PROBLEM DETAILS
In the listing below, locate the line that contains "See Gell, W." and the line that contains "See book in INHA Use Etalab Licence Ouverte". Restate word for word those two lines and every line between them, and nothing else.

SUPPLIED MATERIAL
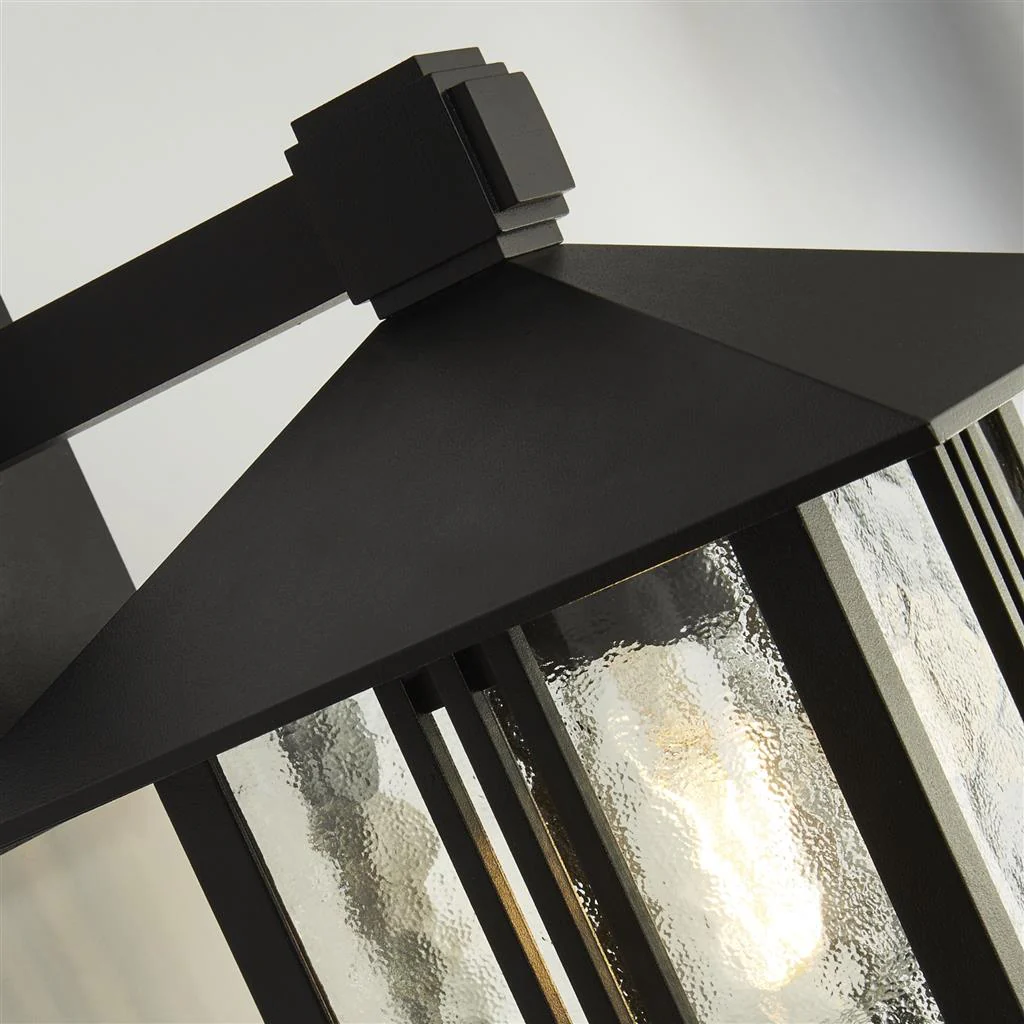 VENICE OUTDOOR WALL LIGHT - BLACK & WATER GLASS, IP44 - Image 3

* * *

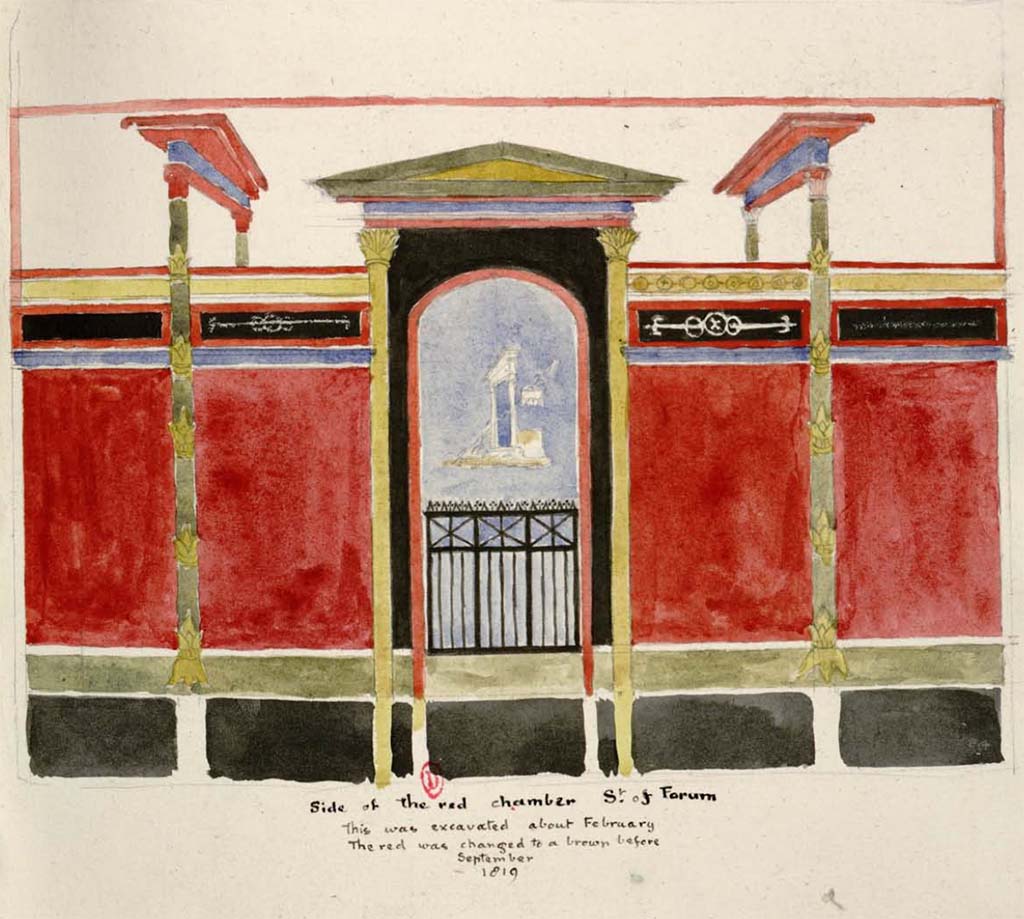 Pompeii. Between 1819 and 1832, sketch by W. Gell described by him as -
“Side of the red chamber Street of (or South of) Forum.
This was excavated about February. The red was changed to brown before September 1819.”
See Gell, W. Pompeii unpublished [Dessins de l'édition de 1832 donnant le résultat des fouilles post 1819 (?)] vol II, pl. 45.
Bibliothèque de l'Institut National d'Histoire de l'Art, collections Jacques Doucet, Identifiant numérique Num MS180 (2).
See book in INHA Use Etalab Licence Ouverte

COMPLETED EXERCISE
See Gell, W. Pompeii unpublished [Dessins de l'édition de 1832 donnant le résultat des fouilles post 1819 (?)] vol II, pl. 45.
Bibliothèque de l'Institut National d'Histoire de l'Art, collections Jacques Doucet, Identifiant numérique Num MS180 (2).
See book in INHA Use Etalab Licence Ouverte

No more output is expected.